— THE PROBLEM —
Exactly the lines from the top of the records below through the one containing "حالة الجهاز : جديد غير مستعمل" must be set down, with no line added or dropped.

— RECORDS SUPPLIED —
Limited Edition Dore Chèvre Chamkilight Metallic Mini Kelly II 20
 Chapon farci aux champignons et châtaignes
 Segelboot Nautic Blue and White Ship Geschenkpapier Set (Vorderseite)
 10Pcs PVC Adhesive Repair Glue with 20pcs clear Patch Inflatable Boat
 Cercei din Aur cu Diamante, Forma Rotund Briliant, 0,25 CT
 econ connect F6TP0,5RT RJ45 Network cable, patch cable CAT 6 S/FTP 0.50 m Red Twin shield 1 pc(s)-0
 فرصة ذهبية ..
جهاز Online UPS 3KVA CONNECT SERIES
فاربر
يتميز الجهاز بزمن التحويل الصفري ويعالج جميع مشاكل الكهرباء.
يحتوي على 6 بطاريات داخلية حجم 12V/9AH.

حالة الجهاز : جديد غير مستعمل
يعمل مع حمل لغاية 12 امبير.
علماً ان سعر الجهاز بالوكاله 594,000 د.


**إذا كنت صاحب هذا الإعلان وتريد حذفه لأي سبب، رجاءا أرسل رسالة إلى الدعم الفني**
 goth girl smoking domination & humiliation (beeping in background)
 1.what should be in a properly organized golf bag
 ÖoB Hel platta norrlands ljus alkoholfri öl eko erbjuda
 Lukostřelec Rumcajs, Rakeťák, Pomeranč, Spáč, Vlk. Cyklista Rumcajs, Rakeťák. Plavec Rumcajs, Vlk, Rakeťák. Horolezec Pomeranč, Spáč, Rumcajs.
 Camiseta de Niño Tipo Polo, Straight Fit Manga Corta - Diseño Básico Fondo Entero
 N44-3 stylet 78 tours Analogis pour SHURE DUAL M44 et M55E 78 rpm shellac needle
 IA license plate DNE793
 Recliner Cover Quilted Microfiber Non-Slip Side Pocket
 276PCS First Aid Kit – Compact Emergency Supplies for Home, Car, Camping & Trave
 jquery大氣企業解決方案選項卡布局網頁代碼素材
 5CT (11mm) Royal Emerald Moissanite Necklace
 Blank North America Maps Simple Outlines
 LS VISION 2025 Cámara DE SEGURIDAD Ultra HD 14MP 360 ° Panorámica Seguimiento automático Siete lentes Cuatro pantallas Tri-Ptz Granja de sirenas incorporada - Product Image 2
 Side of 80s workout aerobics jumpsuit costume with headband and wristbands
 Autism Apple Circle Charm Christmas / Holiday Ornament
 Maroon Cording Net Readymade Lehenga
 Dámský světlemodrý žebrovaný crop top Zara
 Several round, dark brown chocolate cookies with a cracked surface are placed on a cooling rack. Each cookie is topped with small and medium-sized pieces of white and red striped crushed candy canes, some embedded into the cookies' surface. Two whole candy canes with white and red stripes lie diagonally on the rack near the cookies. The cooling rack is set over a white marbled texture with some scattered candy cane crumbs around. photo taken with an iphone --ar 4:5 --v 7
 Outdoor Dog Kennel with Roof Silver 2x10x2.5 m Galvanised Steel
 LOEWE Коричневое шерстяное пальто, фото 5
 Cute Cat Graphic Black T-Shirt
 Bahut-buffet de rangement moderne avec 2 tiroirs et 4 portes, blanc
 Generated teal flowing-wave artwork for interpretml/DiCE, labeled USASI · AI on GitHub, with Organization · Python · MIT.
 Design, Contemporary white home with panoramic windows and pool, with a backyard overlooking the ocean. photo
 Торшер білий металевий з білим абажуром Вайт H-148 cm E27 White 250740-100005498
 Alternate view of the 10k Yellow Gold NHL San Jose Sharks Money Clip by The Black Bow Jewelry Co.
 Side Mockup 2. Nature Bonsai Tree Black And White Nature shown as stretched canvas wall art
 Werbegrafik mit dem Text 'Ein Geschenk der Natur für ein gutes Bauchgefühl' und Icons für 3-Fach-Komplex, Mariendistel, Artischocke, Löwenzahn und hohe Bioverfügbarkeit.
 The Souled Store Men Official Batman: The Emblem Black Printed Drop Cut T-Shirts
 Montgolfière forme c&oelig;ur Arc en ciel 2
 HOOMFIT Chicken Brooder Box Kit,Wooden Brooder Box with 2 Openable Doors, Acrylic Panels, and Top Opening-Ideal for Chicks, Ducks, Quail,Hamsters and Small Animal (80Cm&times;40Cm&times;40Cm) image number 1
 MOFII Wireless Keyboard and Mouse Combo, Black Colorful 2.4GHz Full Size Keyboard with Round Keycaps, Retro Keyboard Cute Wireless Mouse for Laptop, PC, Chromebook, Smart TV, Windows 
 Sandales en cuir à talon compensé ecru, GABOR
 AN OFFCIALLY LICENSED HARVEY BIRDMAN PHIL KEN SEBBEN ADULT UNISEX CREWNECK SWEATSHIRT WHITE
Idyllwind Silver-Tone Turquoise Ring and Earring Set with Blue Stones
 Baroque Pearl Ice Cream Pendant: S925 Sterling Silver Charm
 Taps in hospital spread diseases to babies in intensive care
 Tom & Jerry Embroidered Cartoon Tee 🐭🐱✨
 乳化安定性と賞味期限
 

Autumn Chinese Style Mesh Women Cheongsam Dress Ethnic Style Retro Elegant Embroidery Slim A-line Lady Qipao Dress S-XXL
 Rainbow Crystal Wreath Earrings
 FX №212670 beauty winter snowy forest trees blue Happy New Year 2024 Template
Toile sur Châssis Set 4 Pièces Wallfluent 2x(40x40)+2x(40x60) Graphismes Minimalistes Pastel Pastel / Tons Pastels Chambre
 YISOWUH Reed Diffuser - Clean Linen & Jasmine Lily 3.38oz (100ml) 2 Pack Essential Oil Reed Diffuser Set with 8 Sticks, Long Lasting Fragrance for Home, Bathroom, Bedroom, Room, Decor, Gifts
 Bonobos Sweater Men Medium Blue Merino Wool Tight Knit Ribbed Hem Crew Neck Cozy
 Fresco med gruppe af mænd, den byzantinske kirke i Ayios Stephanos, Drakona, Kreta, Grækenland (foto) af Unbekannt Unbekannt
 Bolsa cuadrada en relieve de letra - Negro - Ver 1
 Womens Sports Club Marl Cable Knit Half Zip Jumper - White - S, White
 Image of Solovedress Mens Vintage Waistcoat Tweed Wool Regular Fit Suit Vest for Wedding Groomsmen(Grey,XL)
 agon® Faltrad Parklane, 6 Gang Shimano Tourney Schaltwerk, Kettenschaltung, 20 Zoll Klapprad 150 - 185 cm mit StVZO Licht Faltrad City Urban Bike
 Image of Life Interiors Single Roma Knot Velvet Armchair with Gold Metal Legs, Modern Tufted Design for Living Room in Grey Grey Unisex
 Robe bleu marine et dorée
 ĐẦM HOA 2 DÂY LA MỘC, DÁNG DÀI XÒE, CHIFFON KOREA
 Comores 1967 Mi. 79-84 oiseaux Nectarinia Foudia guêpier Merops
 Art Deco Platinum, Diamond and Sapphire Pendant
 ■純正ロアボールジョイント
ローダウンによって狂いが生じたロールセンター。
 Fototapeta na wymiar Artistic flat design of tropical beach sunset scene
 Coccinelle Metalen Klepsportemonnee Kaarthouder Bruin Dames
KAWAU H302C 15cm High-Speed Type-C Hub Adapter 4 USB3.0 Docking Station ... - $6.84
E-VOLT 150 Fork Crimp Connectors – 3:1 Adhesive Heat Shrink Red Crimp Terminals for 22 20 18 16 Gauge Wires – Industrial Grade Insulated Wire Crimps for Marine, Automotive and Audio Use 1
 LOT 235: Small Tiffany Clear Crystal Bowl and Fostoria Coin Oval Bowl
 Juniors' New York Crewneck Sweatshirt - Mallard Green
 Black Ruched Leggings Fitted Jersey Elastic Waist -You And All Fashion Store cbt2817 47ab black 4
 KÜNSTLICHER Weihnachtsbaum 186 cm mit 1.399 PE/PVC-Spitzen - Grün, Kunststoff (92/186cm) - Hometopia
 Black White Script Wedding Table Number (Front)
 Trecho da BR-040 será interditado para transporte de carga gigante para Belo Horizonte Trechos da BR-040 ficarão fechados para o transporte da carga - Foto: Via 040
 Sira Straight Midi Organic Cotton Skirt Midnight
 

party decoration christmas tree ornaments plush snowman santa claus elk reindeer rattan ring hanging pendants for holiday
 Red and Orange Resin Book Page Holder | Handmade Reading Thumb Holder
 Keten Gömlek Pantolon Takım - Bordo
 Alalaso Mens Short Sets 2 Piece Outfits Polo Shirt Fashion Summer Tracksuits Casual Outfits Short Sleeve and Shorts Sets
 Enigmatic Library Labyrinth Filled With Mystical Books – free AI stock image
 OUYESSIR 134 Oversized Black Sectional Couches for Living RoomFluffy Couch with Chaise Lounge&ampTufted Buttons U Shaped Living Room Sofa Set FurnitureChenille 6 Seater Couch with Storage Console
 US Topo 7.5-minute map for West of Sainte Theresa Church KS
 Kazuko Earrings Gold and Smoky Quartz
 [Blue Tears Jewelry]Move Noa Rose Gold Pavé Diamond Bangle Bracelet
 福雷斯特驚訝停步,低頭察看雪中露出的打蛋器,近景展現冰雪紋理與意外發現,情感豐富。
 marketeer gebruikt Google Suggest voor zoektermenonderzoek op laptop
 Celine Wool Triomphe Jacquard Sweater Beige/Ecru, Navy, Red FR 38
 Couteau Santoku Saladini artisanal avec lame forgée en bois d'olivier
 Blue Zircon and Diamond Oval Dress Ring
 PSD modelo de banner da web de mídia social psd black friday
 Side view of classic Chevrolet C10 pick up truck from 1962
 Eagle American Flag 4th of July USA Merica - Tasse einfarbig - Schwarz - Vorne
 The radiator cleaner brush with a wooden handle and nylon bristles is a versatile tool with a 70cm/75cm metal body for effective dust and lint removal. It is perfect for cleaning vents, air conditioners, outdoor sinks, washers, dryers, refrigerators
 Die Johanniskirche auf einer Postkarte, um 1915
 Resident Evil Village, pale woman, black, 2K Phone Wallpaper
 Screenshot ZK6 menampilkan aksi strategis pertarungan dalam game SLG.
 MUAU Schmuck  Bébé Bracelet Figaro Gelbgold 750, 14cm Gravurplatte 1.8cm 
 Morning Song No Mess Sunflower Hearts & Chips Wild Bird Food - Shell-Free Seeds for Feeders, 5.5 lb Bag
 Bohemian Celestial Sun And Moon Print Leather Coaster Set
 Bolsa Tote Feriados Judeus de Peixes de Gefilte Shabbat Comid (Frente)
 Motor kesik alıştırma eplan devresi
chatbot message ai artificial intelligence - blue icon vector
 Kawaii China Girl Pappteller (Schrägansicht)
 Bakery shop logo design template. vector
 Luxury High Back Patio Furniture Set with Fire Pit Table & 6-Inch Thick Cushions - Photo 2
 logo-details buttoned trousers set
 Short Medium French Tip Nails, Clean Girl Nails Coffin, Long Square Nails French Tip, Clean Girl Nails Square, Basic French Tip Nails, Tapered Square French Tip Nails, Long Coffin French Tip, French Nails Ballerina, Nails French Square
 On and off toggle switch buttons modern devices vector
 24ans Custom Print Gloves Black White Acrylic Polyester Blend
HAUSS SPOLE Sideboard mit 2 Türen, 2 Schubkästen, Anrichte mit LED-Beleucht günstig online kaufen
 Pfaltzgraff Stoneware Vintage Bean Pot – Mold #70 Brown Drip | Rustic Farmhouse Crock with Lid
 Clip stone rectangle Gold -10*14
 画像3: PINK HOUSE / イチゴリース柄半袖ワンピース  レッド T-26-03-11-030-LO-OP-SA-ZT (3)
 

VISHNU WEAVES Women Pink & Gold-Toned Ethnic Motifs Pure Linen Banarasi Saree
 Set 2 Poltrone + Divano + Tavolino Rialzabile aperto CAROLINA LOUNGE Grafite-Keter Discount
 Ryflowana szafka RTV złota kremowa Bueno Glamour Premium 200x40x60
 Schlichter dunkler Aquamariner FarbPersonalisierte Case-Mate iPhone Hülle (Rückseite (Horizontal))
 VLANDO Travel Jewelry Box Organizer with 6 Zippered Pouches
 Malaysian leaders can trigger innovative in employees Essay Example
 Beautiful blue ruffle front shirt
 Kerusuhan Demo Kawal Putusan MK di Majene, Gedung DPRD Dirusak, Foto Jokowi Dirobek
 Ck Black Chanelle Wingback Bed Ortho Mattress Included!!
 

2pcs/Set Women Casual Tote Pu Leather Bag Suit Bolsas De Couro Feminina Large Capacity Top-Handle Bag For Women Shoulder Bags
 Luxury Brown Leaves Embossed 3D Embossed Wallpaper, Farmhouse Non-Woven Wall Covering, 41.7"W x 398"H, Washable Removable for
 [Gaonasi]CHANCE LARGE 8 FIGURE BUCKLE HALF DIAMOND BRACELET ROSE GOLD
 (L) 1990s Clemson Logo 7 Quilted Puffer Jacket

— ANSWER BOX —
Limited Edition Dore Chèvre Chamkilight Metallic Mini Kelly II 20
 Chapon farci aux champignons et châtaignes
 Segelboot Nautic Blue and White Ship Geschenkpapier Set (Vorderseite)
 10Pcs PVC Adhesive Repair Glue with 20pcs clear Patch Inflatable Boat
 Cercei din Aur cu Diamante, Forma Rotund Briliant, 0,25 CT
 econ connect F6TP0,5RT RJ45 Network cable, patch cable CAT 6 S/FTP 0.50 m Red Twin shield 1 pc(s)-0
 فرصة ذهبية ..
جهاز Online UPS 3KVA CONNECT SERIES
فاربر
يتميز الجهاز بزمن التحويل الصفري ويعالج جميع مشاكل الكهرباء.
يحتوي على 6 بطاريات داخلية حجم 12V/9AH.

حالة الجهاز : جديد غير مستعمل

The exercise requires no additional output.